Por eso fue tan torpe el líder de los negociadores de la narcoguerrilla, Iván
Márquez, al afirmar que “Alvaro Uribe está detrás de todo esto… no se les
olvide que es el enemigo público número uno de la paz en Colombia”. A quien
estuvo cerca de incendiar con este brulote no es a Uribe sino a Santos, porque
acababa de tomar acciones drásticas contra los responsables de la inteligencia
militar. La declaración de las Farc colocaba al mandatario en incómoda
coincidencia con la narcoguerrilla y a Uribe como el reivindicado adversario de
las concesiones excesivas al enemigo de la sociedad colombiana. Santos, astuto,
lo comprendió de inmediato y desde entonces no ha vuelto a decir una palabra
crítica contra la operación “Andrómeda”.
Como
casi todo en la Colombia de hoy, la rivalidad entre Santos y Uribe ha sido el
cráter de este escándalo. Esa rivalidad no está, a pesar de la posición de
Santos en los sondeos, zanjada en favor del mandatario todavía. Ha aparecido
sorpresivamente la ex ministra de Defensa Martha Lucía Ramírez como candidata
del Partido Conservador tras una convención en la que las apuestas no estaban
con ella. En pocos días se ha colocado en segundo lugar, con un todavía tímido
7,7 por ciento, pero desplazando a Zuluaga, al ex alcalde de Bogotá Enrique
Peñalosa y a dos candidaturas de izquierda, incluida la del Polo Democrático.

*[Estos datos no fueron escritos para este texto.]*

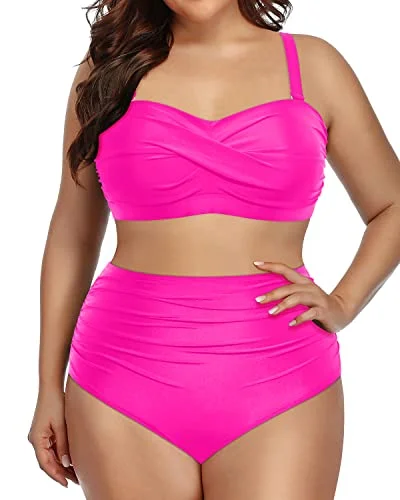 Seasonal Trends Women's Plus Size Two Piece Bandeau Bikini Tummy Control Swimwear-Neon Pink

Si, como pretende parte de la centroderecha, Zuluaga decide apoyar a la
candidata conservadora y eventualmente Peñalosa, un hombre de raigambre
derechista a pesar de su alianza con el movimiento Progresistas, hace lo
propio, la segunda vuelta se le podría poner al presidente color de hormiga.
Ante
semejante perspectiva, no nos extrañemos si el gobierno hace, en las próximas
semanas, gestos de dureza política y militar contra las Farc, en la estela de
la revelación sobre el espionaje a los negociadores. Es improbable, en tal
virtud, que salgan de las conversaciones de La Habana anuncios entusiasmantes
que agiten las pasiones de los colombianos en las semanas que vienen.
Se
acusa a Santos de haberse vuelto aburrido y gris, y de no fascinar a sus
partidarios. En realidad, dado el campo minado por el que transita, el
aburrimiento, la grisura y la falta de sex appeal político son probablemente
una apuesta menos arriesgada que lo contrario. Cualquier paso en falso podría
voltear una elección en la que el voto en blanco va en primer lugar, en la que
ha aparecido por primera vez una adversaria que suscita algo más que bostezos y
en la que Uribe sigue siendo un enemigo temible.